Saddam's other potential adversary --the
Kurdish minority in the north--has been hobbled by infighting and direct
repression. This non-Arab ethnic group makes up 15 percent of Iraq's
population. But the Kurds are too busy fighting one another to threaten Saddam.
Last year, Saddam allied with the Kurdish Democratic Party--which he bombarded
with cyanide and mustard gas in 1988--to seize Irbil, the most important
Kurdish city. This campaign dislodged Western aid workers, several thousand
U.S. troops stationed there, and a CIA outpost . It also provided an
opportunity for Saddam's intelligence groups to infiltrate Kurdish ranks.
Iraq's attack violated the 1991 cease-fire limitations, so the United States
punished it by bombing military targets in the south.
A
30,000-man unit called Saddam's Commandos , led by one of his sons, also
snuffs out unrest. Last summer the unit, which watches for signs of a military
coup, executed 120 soldiers suspected of planning a rebellion.
Since the 1991 cease-fire, U.N. inspectors have largely
disarmed Saddam's nuclear, chemical, and biological arsenal, using random
inspections and surveillance cameras to do their work. During the recent
standoff, Iraq tampered with monitoring equipment, and the fear is that the
Iraqis will use this window to create a cache of chemical weapons. This is not
the first prolonged interruption of inspections. On dozens of occasions, Iraqis
have refused to admit inspectors to facilities. In January 1993, the Bush
administration launched cruise missiles at Baghdad to force compliance.
What
has inspired Saddam's most recent flexing? Having fractured the
international coalition, Saddam no longer fears the prospect of invasion from
the coalition: Nations like France, Russia, and China have sworn to veto any
U.N. military action because they want to protect the post-sanctions oil
deals they've penned with Iraq. These countries only reluctantly agreed to this
week's new U.N. sanctions that bar international travel by Iraqi officials
linked to the inspection dispute. Also, Saddam is taking advantage of the
current Arab backlash against the United States , sparked by the latter's
failure to broker a peace settlement with Israel. Even moderate Egypt has
expressed sympathy for Saddam.
The United States is ready for war ,
having amassed more than 20,000 troops in Kuwait and Saudi Arabia. There are
currently 11 U.S. Navy warships in the Persian Gulf carrying cruise missiles
capable of hitting Baghdad. Iraq has backed down before on its demands that the
U.N. teams leave. The U.S. has never backed down.
Iraq is weak, but it could
still wage a fierce ground war. Its 300,000-strong army is one-third the size
of the one that went into the Gulf War, but it is better trained.

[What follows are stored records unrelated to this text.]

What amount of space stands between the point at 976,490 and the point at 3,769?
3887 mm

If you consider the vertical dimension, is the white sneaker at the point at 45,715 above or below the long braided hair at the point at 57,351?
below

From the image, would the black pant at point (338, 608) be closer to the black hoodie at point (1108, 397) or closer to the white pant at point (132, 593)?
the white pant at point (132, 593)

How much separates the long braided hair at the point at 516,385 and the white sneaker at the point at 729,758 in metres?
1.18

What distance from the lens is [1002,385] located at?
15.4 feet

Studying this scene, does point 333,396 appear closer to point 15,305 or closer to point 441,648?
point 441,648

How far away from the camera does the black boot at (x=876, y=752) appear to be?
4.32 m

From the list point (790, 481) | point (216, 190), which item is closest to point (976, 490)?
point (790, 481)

Since the
cease-fire, Saddam has continued to build conventional arms for these forces
under the watchful eye of the U.N. inspectors. The inspectors report that Iraq
has a handful of missiles, including SCUDS, capable of traveling 370 miles; and
at least a small stockpile of VX gas , one of the deadliest chemical
weapons. VX gas is banned under the terms of the cease-fire.